Clove glances around the lake, wondering where the cameras are and imagining the audience’s noses glued to their screens, holding their breaths and wondering if they’ve gotten yet another pair of lovebirds. Then she reminds herself firmly that this is exactly what she wants the audience to think and, much though she doesn’t want them to have this part of her, it’s fucking cold, so she crawls into the sleeping bag with Cato. Then she doesn’t care who’s watching and what they think anymore because Cato’s so warm.
“I’ll take the first watch,” Cato murmurs as he wraps his massive arms around her. “Fuck, you’re cold.”
“You’re a genius,” she deadpans, face pressed against his neck.
“S’cuse me for caring about getting my partner home unfrozen,” Cato says. He rubs her back and nudges her a little closer, and Clove imagines that he’s got to be getting colder as she gets warmer but can’t bring herself to protest. One of Cato’s hands leaves her back for a moment as he fumbles outside the sleeping bag for their pack. “But I’m gonna steal a granola bar from you in return. You’re freezing; I’m starving.”
“Knock yourself out,” Clove says, and now the only part of her that really feels frozen solid is her hair. She glances briefly up at the stars - are they real or an illusion of the Gamemakers’? - and then ducks her head under the thick fabric, head between Cato’s chest and neck. “We’re going home, you know. We’re getting out of this.”
“Mmm, say that again,” Cato says. His voice is exhausted and aches for reassurance.
“We’re getting out of this,” Clove repeats, too quiet, she thinks, for the cameras to hear.
--
They get two more days like this, and they’re so used to the hell of the Arena that the change is a kind of bliss they’ve forgotten how to feel. The last time she was in an Arena was for her Field Exam at the Center, and she was fifteen and under her trainers’ microscopes and so very, very alone.
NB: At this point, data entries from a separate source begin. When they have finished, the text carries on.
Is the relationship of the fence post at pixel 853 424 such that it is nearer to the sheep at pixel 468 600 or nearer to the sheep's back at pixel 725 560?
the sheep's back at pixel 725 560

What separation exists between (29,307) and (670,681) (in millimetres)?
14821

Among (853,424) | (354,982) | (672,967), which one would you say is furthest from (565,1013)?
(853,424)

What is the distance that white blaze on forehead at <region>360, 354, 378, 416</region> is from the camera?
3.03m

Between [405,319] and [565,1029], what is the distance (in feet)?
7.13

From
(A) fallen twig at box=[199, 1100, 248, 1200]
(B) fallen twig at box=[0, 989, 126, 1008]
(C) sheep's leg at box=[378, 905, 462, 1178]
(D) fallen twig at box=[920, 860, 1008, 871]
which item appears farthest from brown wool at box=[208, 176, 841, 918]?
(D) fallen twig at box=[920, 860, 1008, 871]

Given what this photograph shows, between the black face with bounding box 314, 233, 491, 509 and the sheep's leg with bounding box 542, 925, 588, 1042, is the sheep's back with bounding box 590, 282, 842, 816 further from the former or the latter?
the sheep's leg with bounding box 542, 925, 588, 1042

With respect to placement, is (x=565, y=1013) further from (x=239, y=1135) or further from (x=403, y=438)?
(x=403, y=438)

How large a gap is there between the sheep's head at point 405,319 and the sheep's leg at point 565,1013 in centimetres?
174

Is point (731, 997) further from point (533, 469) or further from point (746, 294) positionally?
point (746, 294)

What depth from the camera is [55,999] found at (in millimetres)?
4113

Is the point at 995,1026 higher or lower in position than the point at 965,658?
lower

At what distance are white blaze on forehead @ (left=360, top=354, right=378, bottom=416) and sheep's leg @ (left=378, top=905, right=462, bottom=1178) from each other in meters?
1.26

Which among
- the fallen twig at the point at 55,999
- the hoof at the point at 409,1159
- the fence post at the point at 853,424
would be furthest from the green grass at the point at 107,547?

And then the loneliness in the real Arena was worse, with Cato right next to her and a million miles away. And now he isn’t. Now, it’s just like the old times and things are almost easy. They work together and use each other’s strengths in ways they weren’t comfortable with before -- before, it was too close, it hurt too much, but that’s not going to happen now.
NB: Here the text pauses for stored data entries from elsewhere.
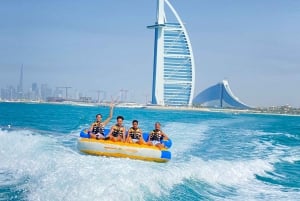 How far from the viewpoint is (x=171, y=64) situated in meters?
93.4

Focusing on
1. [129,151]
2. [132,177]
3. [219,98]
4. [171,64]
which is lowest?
[132,177]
They count up who’s left to kill, and the list is so short and they’re so close and the sun is so warm at the lake. They start teasing each other again, and every hour they’re together seems to return Cato’s grip on reality. Every time he smiles at her, Clove feels a little less like what she is and where they are. They don’t have to say out loud that this could be another important key to their survival, so they play it up. There’s no one to kill that afternoon, so Clove splashes him with lake water and he whirls around and dunks her and at some point it stops being for the camera and she can’t stop laughing. It’s not her sadistic laugh. It’s the honest and pure and joyful one that the audience has never heard before, and she calls him horrible things when he picks her up like a bag of potatoes and hauls both of them back to the beach, but probably her threats aren’t so threatening punctuated by laughter. He drops her on the beach and sinks down next to her and they hold each other with all the fierceness they’ve kept back since the clock counted down from sixty two weeks ago on the platforms. Cato talks about how they’d better start thinking of talents, and she tells him to shut his trap and he holds her tighter.
Later, as the shadows cast by the trees begin to lengthen, Cato brushes wet sand from her cheek and smiles and says, “You’re perfect.”
Clove puts her head on his shoulder, and they both know they never could have done it, if it had come to the two of them. She kicks him gently in the shin and is thankful for the Gamemakers, for the Capitol, for the boy who is coming home with her.
This is the last time in her life she can remember being happy.
--
She’s half asleep and thinks she remembers Cato kissing the top of her head and whispering, “I couldn’t’ve lived without you anyway.”